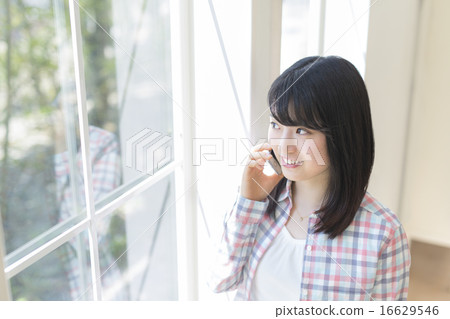 A woman talking on a smartphone A woman talking on a smartphone 16629546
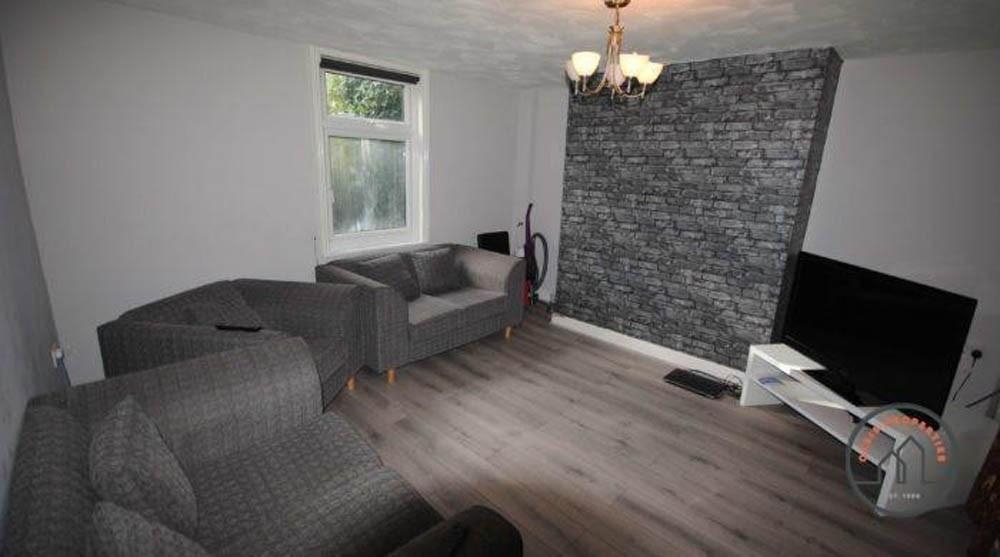A cozy living room featuring modern grey sofas,...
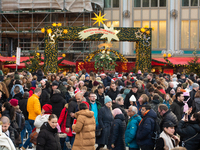 The entrance of the Cologne Dom Christmas Market in Cologne, Germany, on December 7, 2024, is completely packed with visitors. (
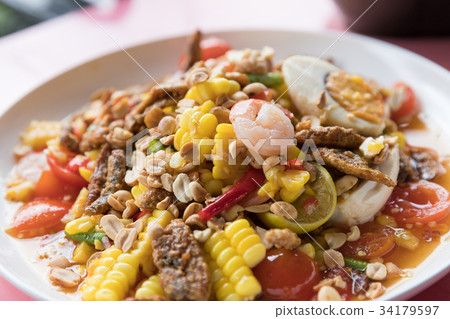 Closeup Thai local street food spicy fruits salad Closeup Thai local street food spicy fruits salad 34179597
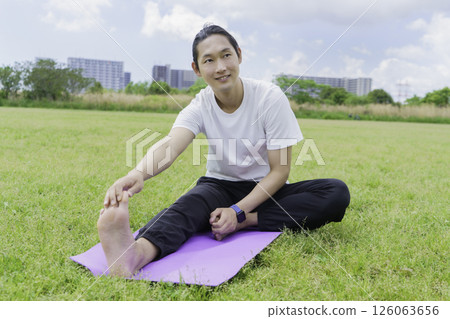 Young man stretching in the park Young man stretching in the park 126063656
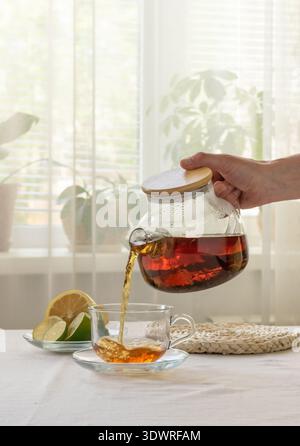 Une main verse le thé infusé de la théière en verre dans une tasse, avec des tranches de citron et des cubes de sucre sur la table près de la fenêtre Banque D'Images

=-=-=-=-=

• Exercise brief:
Output the records above verbatim. Pictures stay out.

• Response to the task:
 A woman talking on a smartphone A woman talking on a smartphone 16629546
A cozy living room featuring modern grey sofas,...
 The entrance of the Cologne Dom Christmas Market in Cologne, Germany, on December 7, 2024, is completely packed with visitors. (
 Closeup Thai local street food spicy fruits salad Closeup Thai local street food spicy fruits salad 34179597
 Young man stretching in the park Young man stretching in the park 126063656
 Une main verse le thé infusé de la théière en verre dans une tasse, avec des tranches de citron et des cubes de sucre sur la table près de la fenêtre Banque D'Images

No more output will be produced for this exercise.